If the control ECU boot image 42 has not been tampered with (No in step S5), the CPU 21 loads the control ECU boot image 42 into the RAM 23 and executes the control ECU boot image 42 to start controlling an object device in step S6.

If no startup permission has been issued by the monitoring ECU 2 (No in step S3) or if the control ECU boot image 42 has been tampered with (Yes in step S5), the CPU 21 terminates the process without executing the control ECU boot image 42.

FIG. 7 is a flowchart illustrating a process performed at startup of the monitoring ECU 2. As illustrated in FIG. 7, at the startup (READY-ON) of the vehicle 1, in step S11, the CPU 11 loads the monitoring ECU RoT 33 into the RAM 13 and executes the monitoring ECU RoT 33 to verify whether the monitoring ECU boot image 31 has been tampered with. In step S12, the CPU 11 determines whether the monitoring ECU boot image 31 has been tampered with. If the monitoring ECU boot image 31 has not been tampered with (No in step S12), the CPU 11 expands, in the RAM 13, the monitoring ECU boot image 31 stored in the non-volatile memory 14 and executes the monitoring ECU boot image 31 in step S13 to start monitoring the control ECU 3.

In step S14, the CPU 11 receives the hash value transmitted by the control ECU 3 in step S2. In step S15, the CPU 11 determines whether the hash value has been received in step S14.

If the hash value has been received (Yes in step S15), the CPU 11 loads the hash value generating program 34 into the RAM 13 and executes the hash value generating program 34 to generate a hash value based on the control ECU RoT 32 stored in the non-volatile memory 14 in step S16.

For example, on the basis of the hash value generating program 34, the CPU 11 adds a counter value, which is incremented by one at each startup of the vehicle 1, to a data sequence of the control ECU RoT 32 stored in the non-volatile memory 14. The CPU 11 then generates a hash value for a data sequence obtained by adding the counter value to the data sequence of the control ECU RoT 32.

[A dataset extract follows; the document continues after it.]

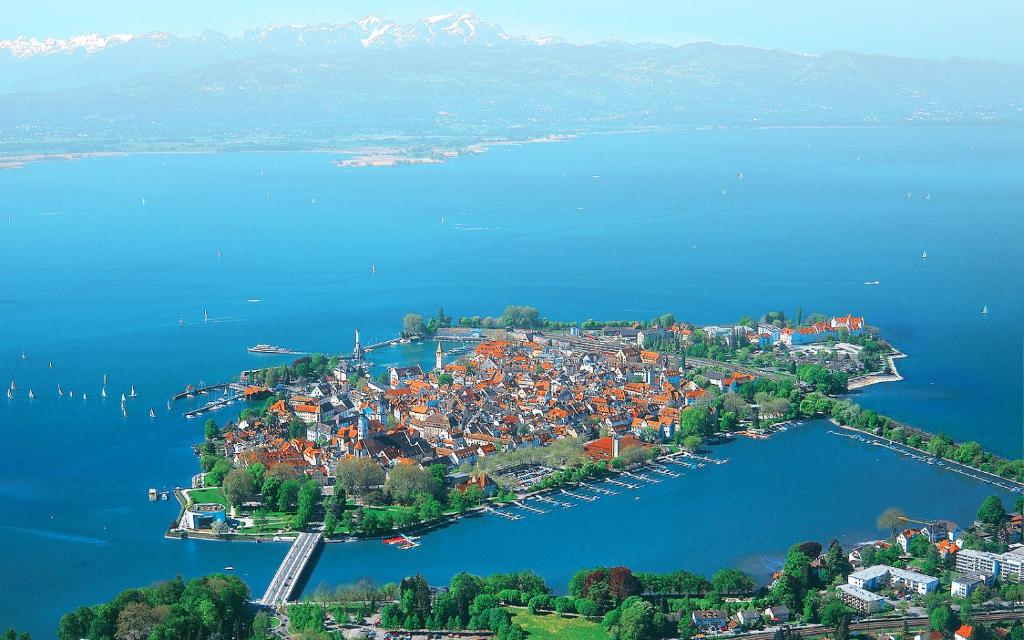 an aerial view of a small town on an island in the water at Gästezimmer Hozici in Lindau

In step S17, the CPU 11 compares the hash value received in step S14 with the hash value generated in step S16.

If the control ECU RoT 41 has not been tampered with, the hash value received in step S14 is the same value as the hash value generated in step S16. Thus, in step S18, the CPU 11 determines whether the hash values compared in step S17 match.

If the hash values match (Yes in step S18), that is, if the control ECU RoT 41 has not been tampered with, the CPU 11 permits the vehicle 1 to start in step S19. This means that the control ECU 3 determines that a startup permission has been issued in step S3.

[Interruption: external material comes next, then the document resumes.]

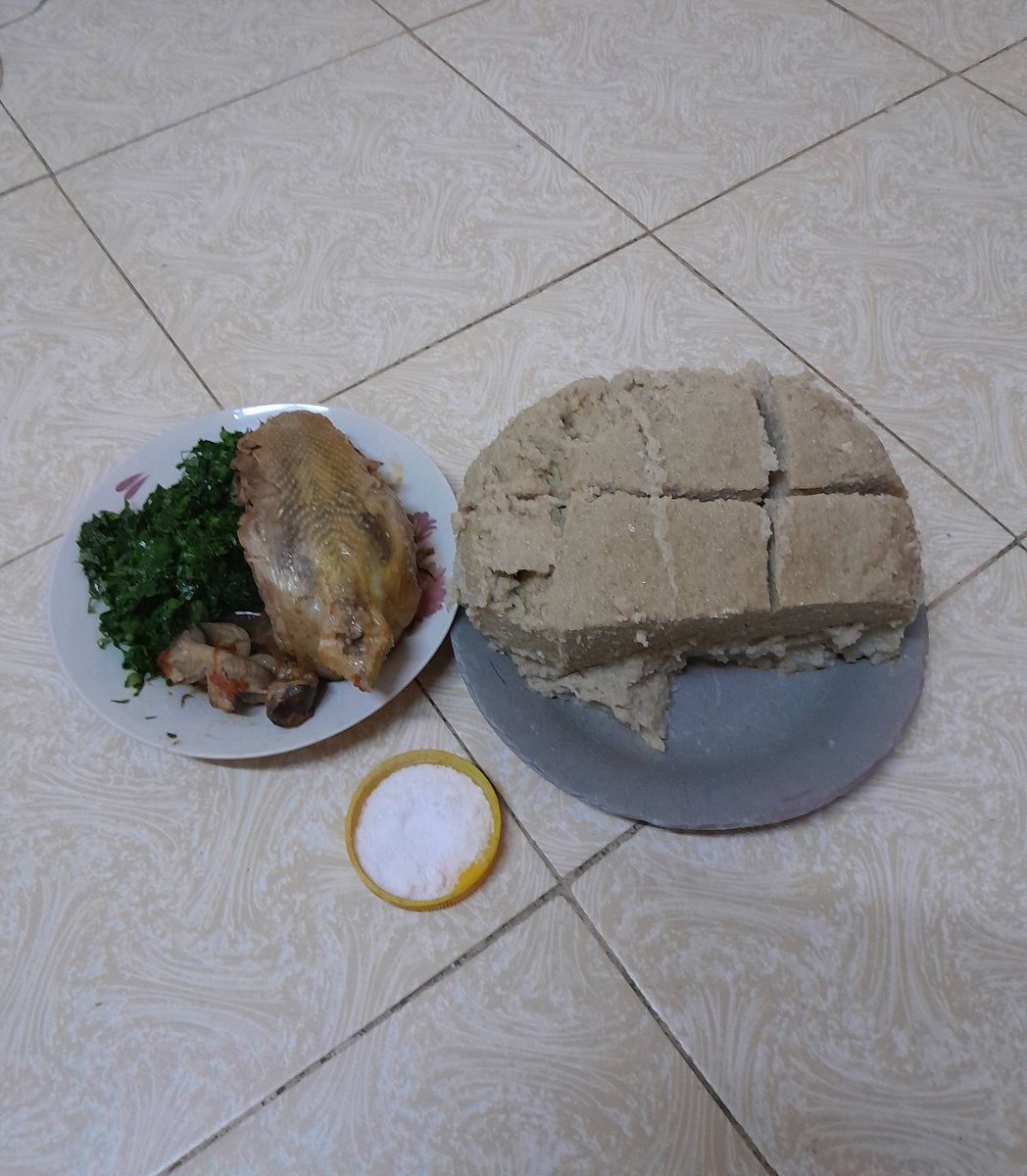 Chicken meat, kales, and ugali for supper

If the monitoring ECU boot image 31 has been tampered with (Yes in step S12), no hash value has been received from the control ECU 3 (No in step S15), or the hash values do not match (No in step S18), then the CPU 11 stops the vehicle 1 from starting in step S20.

Thus, in step S14 to step S18, the CPU 11 determines an abnormality in the control ECU 3 on the basis of the hash value received from the control ECU 3. This makes it possible to always verify whether the control ECU RoT 41, which is updatable, has been tampered with.

2. Modifications

Although embodiments of the disclosure have been described, the disclosure is not limited to the specific examples described above and can be configured in various ways.

For example, in the embodiments described above, the control ECU RoT 32 is stored in the non-volatile memory 14 of the monitoring ECU 2. However, the CPU 11 may store, in the non-volatile memory 14, a hash value calculated by the control ECU 3 during update of the control ECU RoT 41 after being verified by the monitoring ECU RoT 33. In this case, the CPU 11 may determine whether the hash value received from the control ECU 3 at startup of the vehicle 1 matches the hash value stored in the non-volatile memory 14.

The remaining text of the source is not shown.